▼

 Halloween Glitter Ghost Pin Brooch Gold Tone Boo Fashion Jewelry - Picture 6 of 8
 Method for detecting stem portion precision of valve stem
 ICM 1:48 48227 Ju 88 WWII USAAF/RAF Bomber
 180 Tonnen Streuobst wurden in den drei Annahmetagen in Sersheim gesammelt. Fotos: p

▲
▼

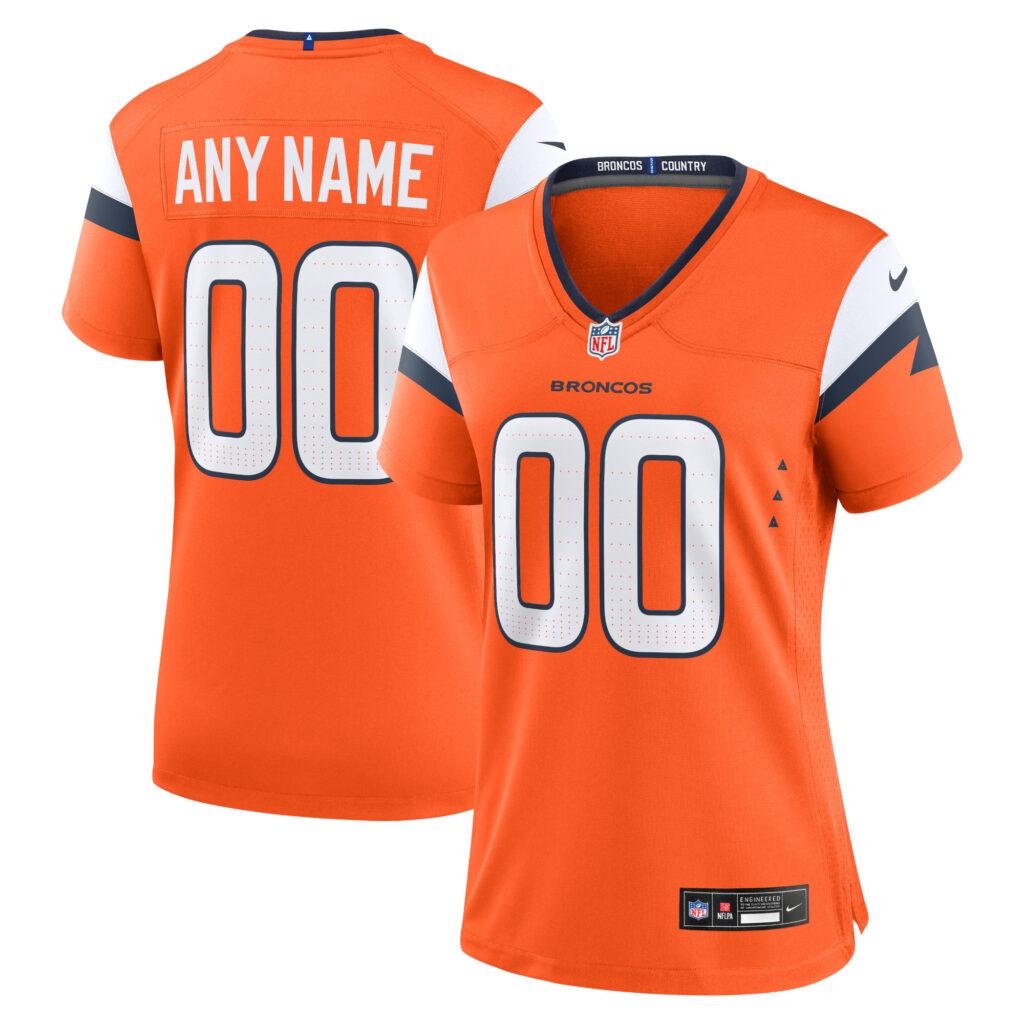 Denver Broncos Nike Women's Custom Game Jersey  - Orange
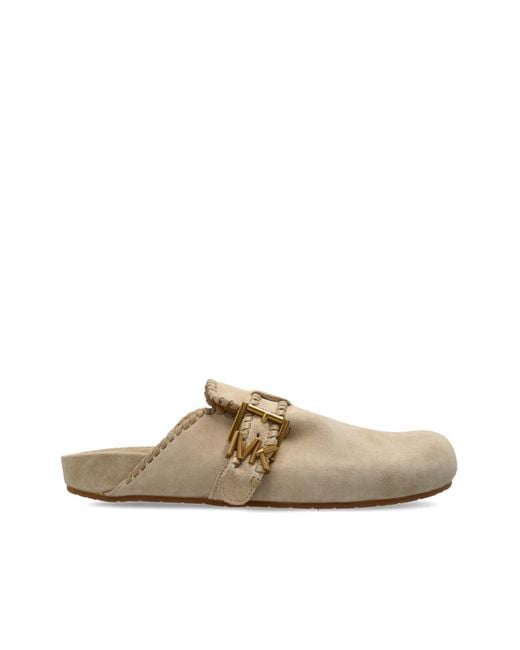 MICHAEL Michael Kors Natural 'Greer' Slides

▲
▼

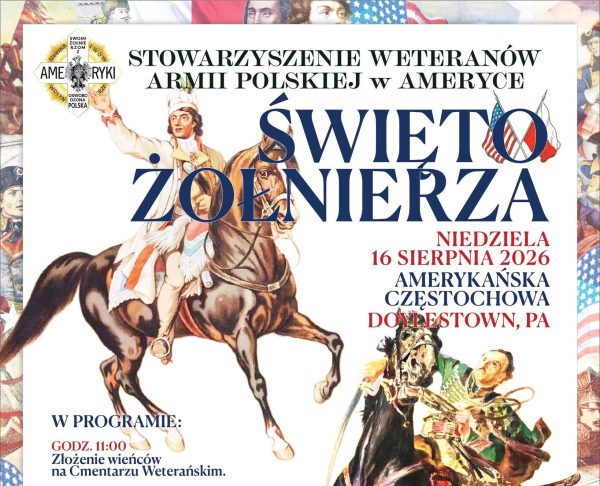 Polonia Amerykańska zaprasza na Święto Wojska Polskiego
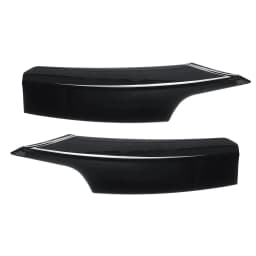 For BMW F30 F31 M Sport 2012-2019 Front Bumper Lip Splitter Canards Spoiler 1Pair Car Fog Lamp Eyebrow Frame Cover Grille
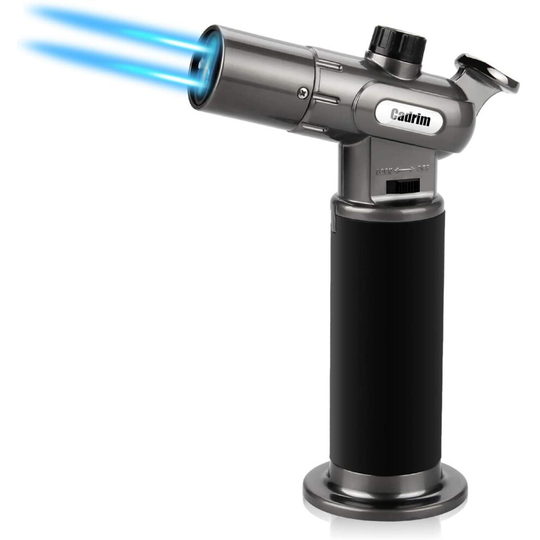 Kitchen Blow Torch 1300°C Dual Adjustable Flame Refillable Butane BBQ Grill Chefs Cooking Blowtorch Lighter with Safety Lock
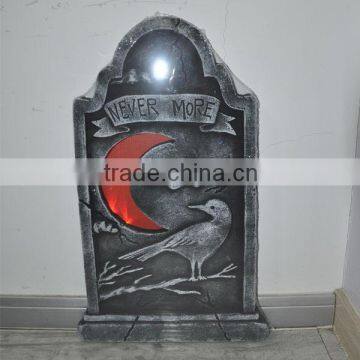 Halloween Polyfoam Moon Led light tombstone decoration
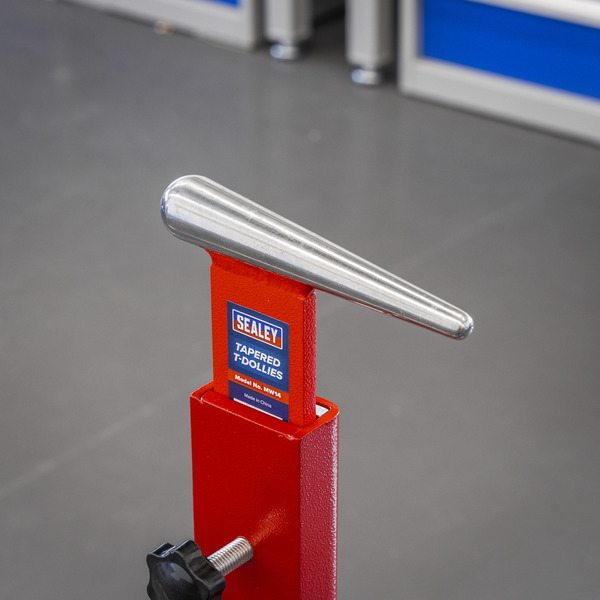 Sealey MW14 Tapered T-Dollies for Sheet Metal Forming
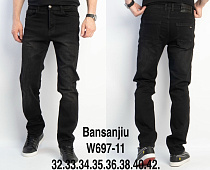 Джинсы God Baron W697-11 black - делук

▲

When you reach the line that has "Halloween Polyfoam Moon" in the data above, start repeating lines exactly, and stop after the line that has "Джинсы God Baron W697-11 black - делук"; pictures stay out.

▶ _TASK RESULT_
 Halloween Polyfoam Moon Led light tombstone decoration
 Sealey MW14 Tapered T-Dollies for Sheet Metal Forming
 Джинсы God Baron W697-11 black - делук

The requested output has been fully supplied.